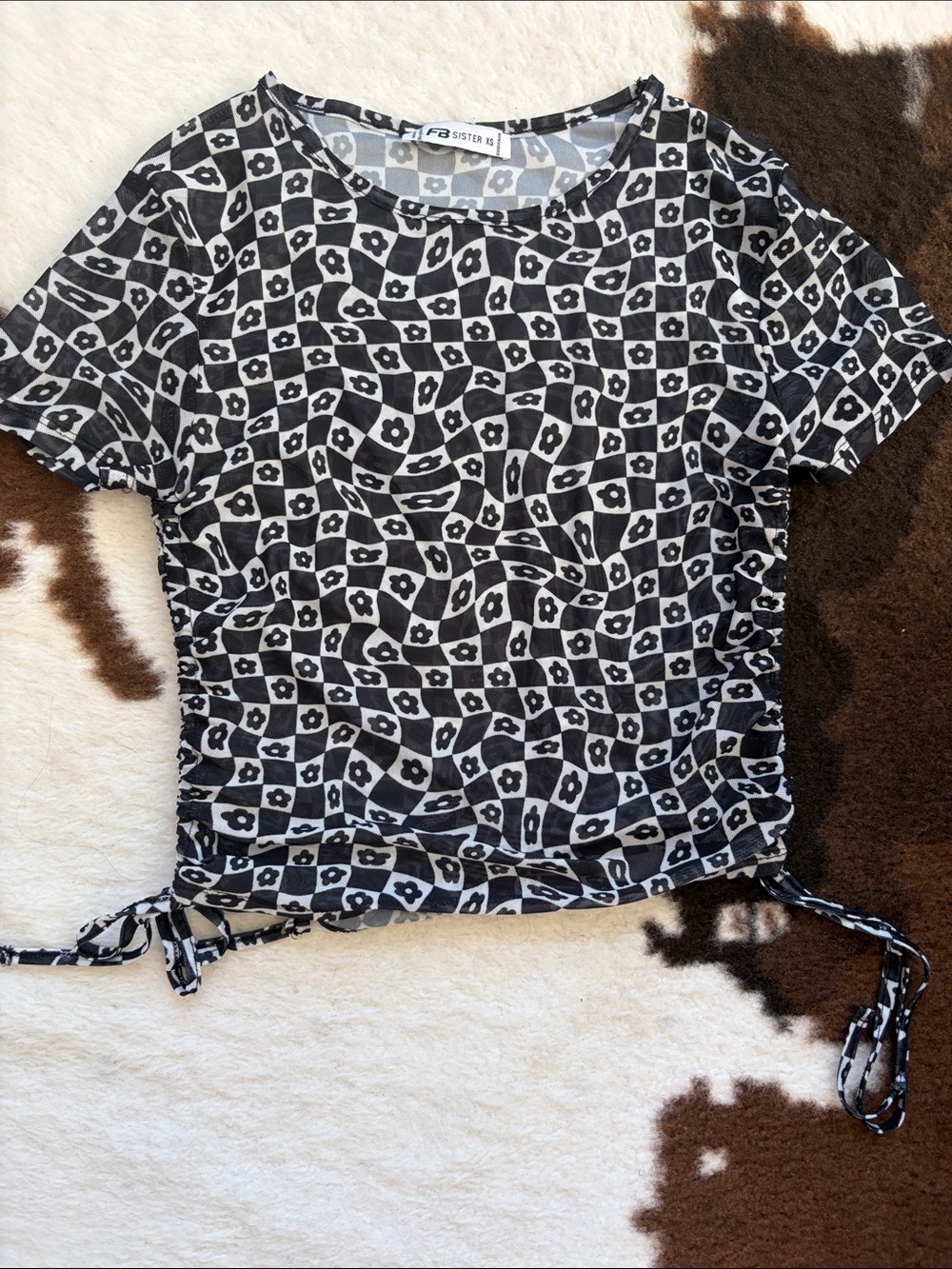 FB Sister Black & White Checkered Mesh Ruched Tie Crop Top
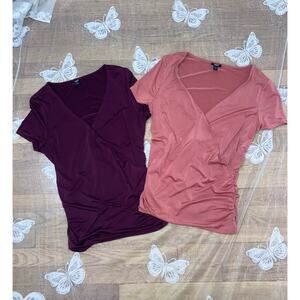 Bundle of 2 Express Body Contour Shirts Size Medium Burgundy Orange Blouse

# # # #

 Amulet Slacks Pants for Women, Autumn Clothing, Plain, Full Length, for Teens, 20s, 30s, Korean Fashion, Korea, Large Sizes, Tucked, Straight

# # # #

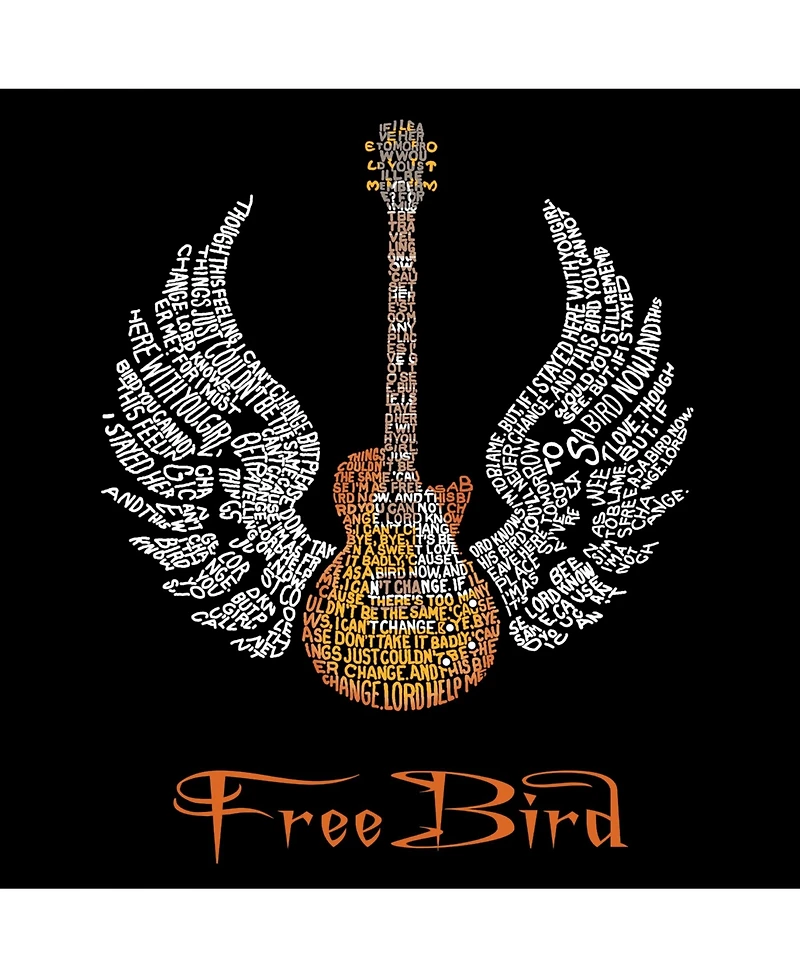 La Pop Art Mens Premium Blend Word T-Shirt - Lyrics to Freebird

# # # #

▶ [WHAT THIS TASK INVOLVES] Begin at the line in the entries above that has "FB Sister Black", stop after the line that has "Bundle of 2", and output exactly those lines without pictures.

▶ [ANSWER TO THIS PROBLEM]
 FB Sister Black & White Checkered Mesh Ruched Tie Crop Top
 Bundle of 2 Express Body Contour Shirts Size Medium Burgundy Orange Blouse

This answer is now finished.